Extrema-direita francesa pode atingir resultado histórico. "Estamos a tornar-nos no maior grupo da história da nossa família política", diz Marine Le Pen

19 jun, 20:27

Especialistas ouvidos pela CNN Portugal admitem preocupação face a este reforço considerável do grupo parlamentar da extrema-direita na Assembleia Nacional

As primeiras projeções dos resultados da segunda volta das eleições legislativas francesas indicam uma forte subida da extrema-direita na Assembleia Nacional. A confirmarem-se as estimativas, o Rassemblement National (União Nacional), de Marine Le Pen, pode passar de oito deputados para 100.

Conhecidas as primeiras projeções, Marine Le Pen não demorou a reagir, tendo sido mesmo a primeira a discursar perante a Nação, regozijando-se com o resultado que, nas suas palavras, demonstra que o povo está do seu lado: "Estamos a tornar-nos no maior grupo da história da nossa família política."

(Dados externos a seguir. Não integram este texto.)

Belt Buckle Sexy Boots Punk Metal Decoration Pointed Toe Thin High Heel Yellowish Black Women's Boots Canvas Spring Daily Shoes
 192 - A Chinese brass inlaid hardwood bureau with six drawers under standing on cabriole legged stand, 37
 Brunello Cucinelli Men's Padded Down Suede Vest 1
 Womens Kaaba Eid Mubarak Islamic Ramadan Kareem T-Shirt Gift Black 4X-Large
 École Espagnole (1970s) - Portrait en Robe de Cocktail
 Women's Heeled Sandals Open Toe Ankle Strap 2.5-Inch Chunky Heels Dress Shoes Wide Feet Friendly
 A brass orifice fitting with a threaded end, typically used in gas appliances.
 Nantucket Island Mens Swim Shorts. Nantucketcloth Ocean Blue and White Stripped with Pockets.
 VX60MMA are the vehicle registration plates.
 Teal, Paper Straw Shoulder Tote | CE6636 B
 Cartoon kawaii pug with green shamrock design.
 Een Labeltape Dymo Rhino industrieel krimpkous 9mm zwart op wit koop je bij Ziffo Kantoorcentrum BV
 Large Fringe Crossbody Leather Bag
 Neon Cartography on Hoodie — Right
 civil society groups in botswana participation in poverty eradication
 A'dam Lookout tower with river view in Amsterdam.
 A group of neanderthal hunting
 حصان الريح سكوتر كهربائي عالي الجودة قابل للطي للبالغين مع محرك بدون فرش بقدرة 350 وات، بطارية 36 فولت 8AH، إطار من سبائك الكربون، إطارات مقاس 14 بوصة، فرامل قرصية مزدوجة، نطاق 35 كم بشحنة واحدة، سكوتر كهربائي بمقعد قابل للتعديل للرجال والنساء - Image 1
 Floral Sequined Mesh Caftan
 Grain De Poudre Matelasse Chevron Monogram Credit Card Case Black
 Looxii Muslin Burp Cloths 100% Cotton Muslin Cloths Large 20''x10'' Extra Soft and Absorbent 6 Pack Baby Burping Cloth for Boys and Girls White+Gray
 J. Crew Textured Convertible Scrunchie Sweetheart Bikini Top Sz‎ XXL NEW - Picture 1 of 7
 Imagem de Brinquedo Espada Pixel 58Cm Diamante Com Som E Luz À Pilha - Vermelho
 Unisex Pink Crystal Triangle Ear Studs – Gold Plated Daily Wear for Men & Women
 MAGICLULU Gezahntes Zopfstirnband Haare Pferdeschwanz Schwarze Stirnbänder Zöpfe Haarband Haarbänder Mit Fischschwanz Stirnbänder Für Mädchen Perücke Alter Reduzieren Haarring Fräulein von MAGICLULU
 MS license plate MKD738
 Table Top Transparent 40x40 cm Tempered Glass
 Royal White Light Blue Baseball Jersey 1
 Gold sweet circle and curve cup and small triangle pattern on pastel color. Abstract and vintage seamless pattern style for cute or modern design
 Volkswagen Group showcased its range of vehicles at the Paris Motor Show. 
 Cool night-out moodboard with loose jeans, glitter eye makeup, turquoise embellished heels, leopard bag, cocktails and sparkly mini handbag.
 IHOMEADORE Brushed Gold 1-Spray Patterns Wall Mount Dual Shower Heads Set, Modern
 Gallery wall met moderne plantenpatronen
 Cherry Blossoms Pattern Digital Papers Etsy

“Conseguimos os três objetivos a que nos propusemos: fazer de Emmanuel Macron um presidente minoritário; prosseguir a necessária reorganização política, para constituir um grupo de oposição decisivo contra os destruidores de cima, de Macron, e de baixo, a extrema-esquerda", salientou.

A líder da extrema-direita francesa prometeu ainda que o partido vai fazer uma oposição “firme” e “sem conluio”, ainda que de forma “responsável e respeitosa” das instituições francesas.

Os especialistas ouvidos pela CNN Portugal admitem preocupação face a este reforço considerável do grupo parlamentar da extrema-direita na Assembleia Nacional. Victor Ângelo, ex-secretário-geral adjunto da ONU, classifica mesmo este resultado como "uma subida espetacular e, ao mesmo tempo, preocupante".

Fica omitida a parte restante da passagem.